The parameters of cardiac function measured using myocardial perfusion imaging are significantly influenced by the reconstruction algorithm. Nakajima et al. [14] observed that small heart size had a prevalence of 74% in Japanese women and 13% in Japanese men. In patients with small hearts, the true volume is underestimated, and this effect is greater for ESV than EDV, leading to an increase in the apparent LVEF. This small-heart effect, seen in several studies, is caused by the optimization of the SPECT reconstruction method for a myocardial wall with poor resolution [9,10,11,12,13, 23, 31, 32]. Nakajima et al. [23] reported that the use of a high cut-off frequency for the SPECT filter, high system resolution and proper zooming could improve gated SPECT quantification for small hearts. An improvement in spatial resolution could significantly decrease the small-heart effect.

There is currently no unified standard for optimal OSCGM parameters.
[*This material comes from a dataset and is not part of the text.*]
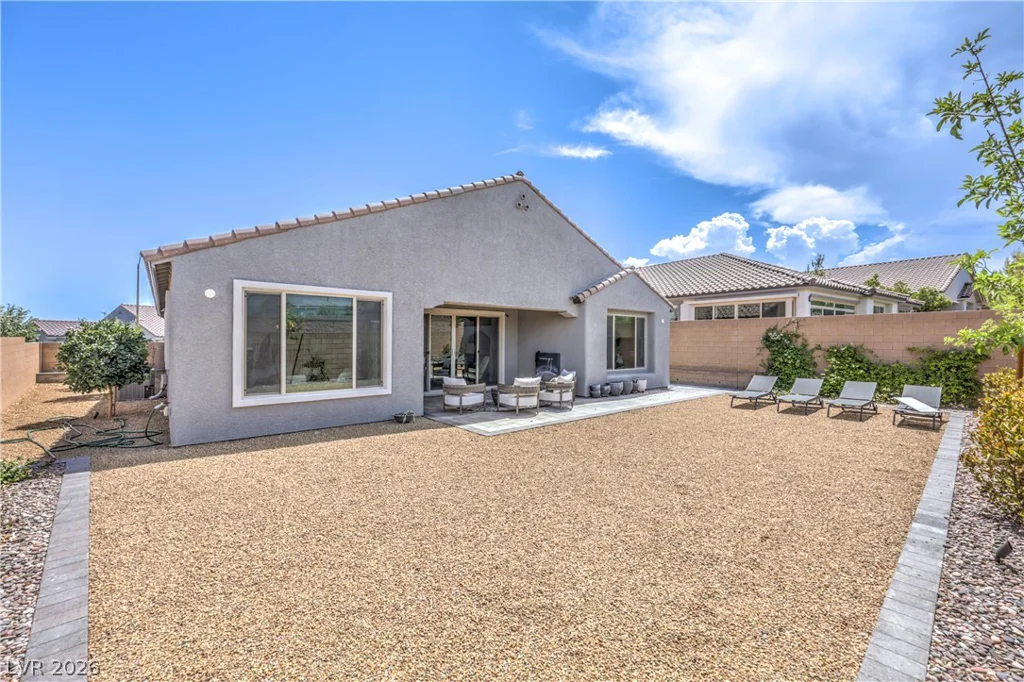 9952 Pine Trail, Las Vegas, NV 89166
Kenda et al. [33] reported that the optimal reconstruction minimization for IQ-SPECT was 1 S and 30 I. Based on these parameters, the measured LV volume was similar to the actual volume. They performed the evaluation using an RH-2 cardiac phantom (Kyoto Kagaku Co., Ltd.) containing a solution of 99mTc. Ceriani et al. [34] reported that the QGS program was able to calculate the LVEF correctly when used in conjunction with an optimized 3D OSCGM algorithm (8 S, 10 I, and an FWHM of 10 mm) but that it resulted in an underestimation of LV volumes. Duarte et al. [35] reported a more precise estimation of the quantitative parameters with OSCGM, especially with the combination of 2 I × 10 S and 2 I × 12 S. Nevertheless, they were less accurate in a validation study using a beating-heart volume phantom (ESV of 33.5 mL and EDV of 108.5 mL) than in studies of patients with small hearts. The present study found that the optimal minimization of reconstruction for IQ-SPECT was 5 S and 12 I with an FWHM of 8 mm. With these settings, SPECT LVEF was similar to that of CMR LVEF. The ESV was similar to that detected by CMR with 8 S and 18 I with an FWHM of 8 mm. The present study also showed that the optimal reconstruction minimization for IQ-SPECT was 3 S and 10 I with an FWHM of 8 mm. Based on these parameters, the LVEF for a normal heart was similar to that detected by CMR.

Limitations

The sample size was small. Patients with large hearts were not evaluated to analyse reconstruction parameters. Another limitation was that this was a single-centre study.

Conclusion

IQ-SPECT outperforms conventional SPECT in producing images of hearts with small ventricular chambers. The differences in LVEF as measured by IQ-SPECT and by CMR were low. IQ-SPECT and conventional SPECT measurements underestimate EDV and ESV compared to CMR exams. Different reconstruction parameters should be chosen for different heart sizes. The best reconstruction parameters of IQ-SPECT were 5 subsets and 12 iterations for patients with small heart size and 3 subsets and 10 iterations for patients with normal heart size, with the CMR measurement of LVEF as the standard.